**Prompt**
Look in the material below for the line holding "Minnesota-US-States-VectorMap-A". Set it down exactly, with each later line up to and including the line holding "Return on investment".

**Data**
<<<<

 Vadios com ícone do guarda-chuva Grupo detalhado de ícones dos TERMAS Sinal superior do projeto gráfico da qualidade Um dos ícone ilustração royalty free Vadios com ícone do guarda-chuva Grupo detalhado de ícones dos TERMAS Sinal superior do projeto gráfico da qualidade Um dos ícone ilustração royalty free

>>>>
<<<<

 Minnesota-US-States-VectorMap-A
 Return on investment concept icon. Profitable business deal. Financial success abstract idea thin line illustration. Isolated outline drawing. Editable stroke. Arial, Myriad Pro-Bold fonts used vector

>>>>

**Exercise result**
 Minnesota-US-States-VectorMap-A
 Return on investment concept icon. Profitable business deal. Financial success abstract idea thin line illustration. Isolated outline drawing. Editable stroke. Arial, Myriad Pro-Bold fonts used vector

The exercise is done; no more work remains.